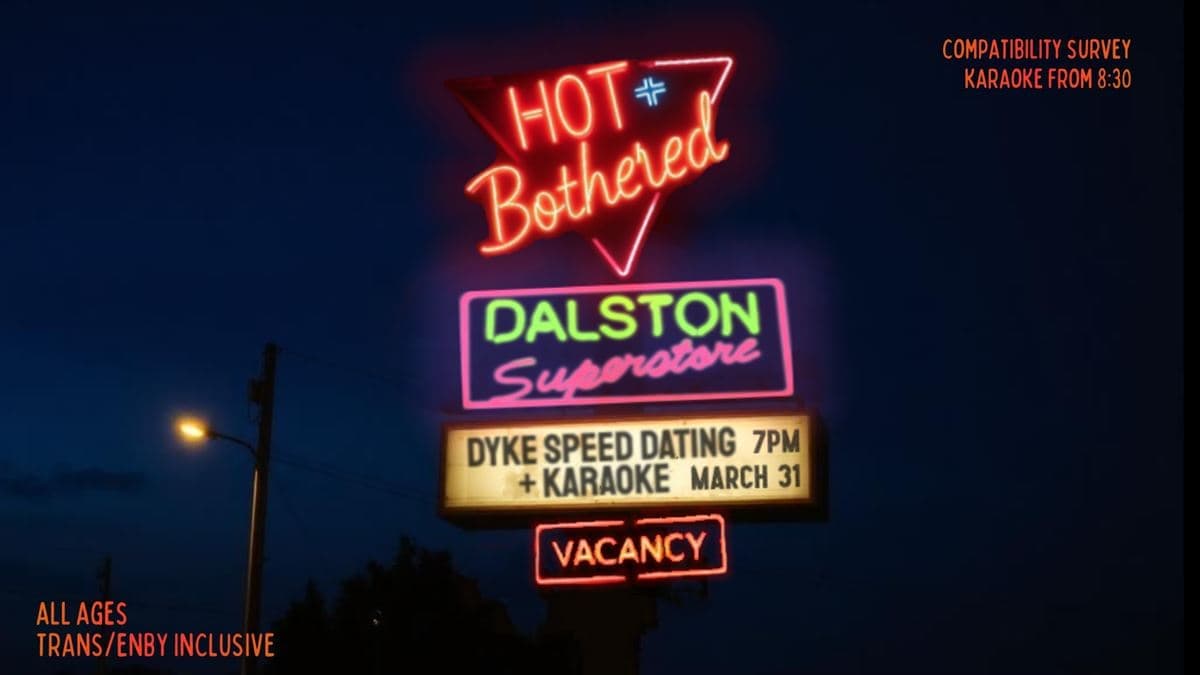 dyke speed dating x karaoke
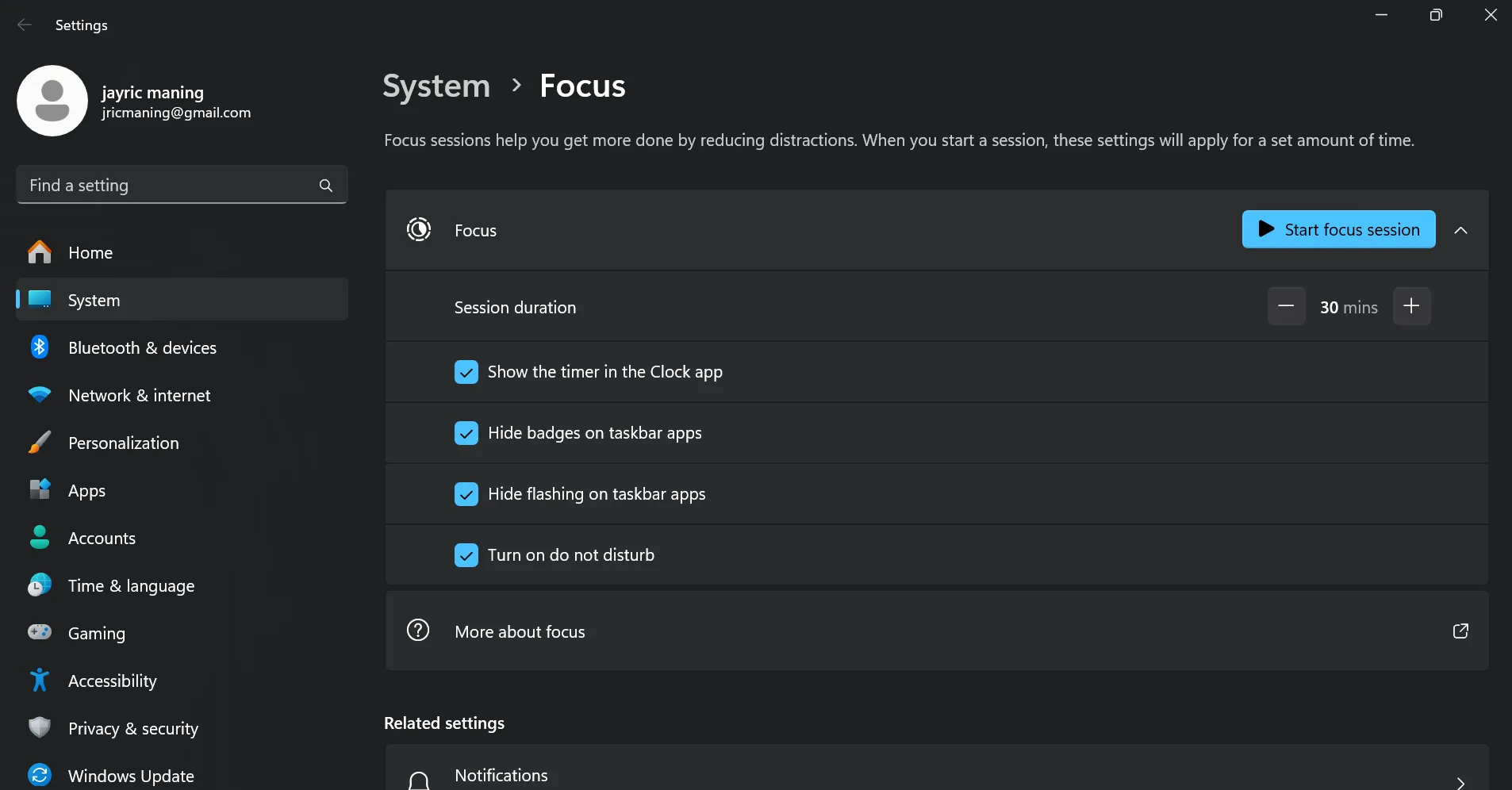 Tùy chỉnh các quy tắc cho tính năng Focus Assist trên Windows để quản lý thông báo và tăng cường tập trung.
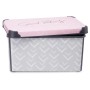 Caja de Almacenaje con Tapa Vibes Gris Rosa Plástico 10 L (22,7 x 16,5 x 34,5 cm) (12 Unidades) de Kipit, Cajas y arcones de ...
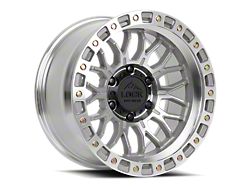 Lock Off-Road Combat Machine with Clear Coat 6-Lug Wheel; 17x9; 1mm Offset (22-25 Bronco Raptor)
* * *
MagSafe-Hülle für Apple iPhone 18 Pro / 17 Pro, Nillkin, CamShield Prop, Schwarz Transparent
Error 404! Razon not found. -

- _THE TASK_
Beginning at the line above that contains "Tùy chỉnh các", repeat each line exactly through the one that contains "Lock Off-Road Combat", and leave out the pictures.

- _RESPONSE BELOW_
 Tùy chỉnh các quy tắc cho tính năng Focus Assist trên Windows để quản lý thông báo và tăng cường tập trung.
 Caja de Almacenaje con Tapa Vibes Gris Rosa Plástico 10 L (22,7 x 16,5 x 34,5 cm) (12 Unidades) de Kipit, Cajas y arcones de ...
 Lock Off-Road Combat Machine with Clear Coat 6-Lug Wheel; 17x9; 1mm Offset (22-25 Bronco Raptor)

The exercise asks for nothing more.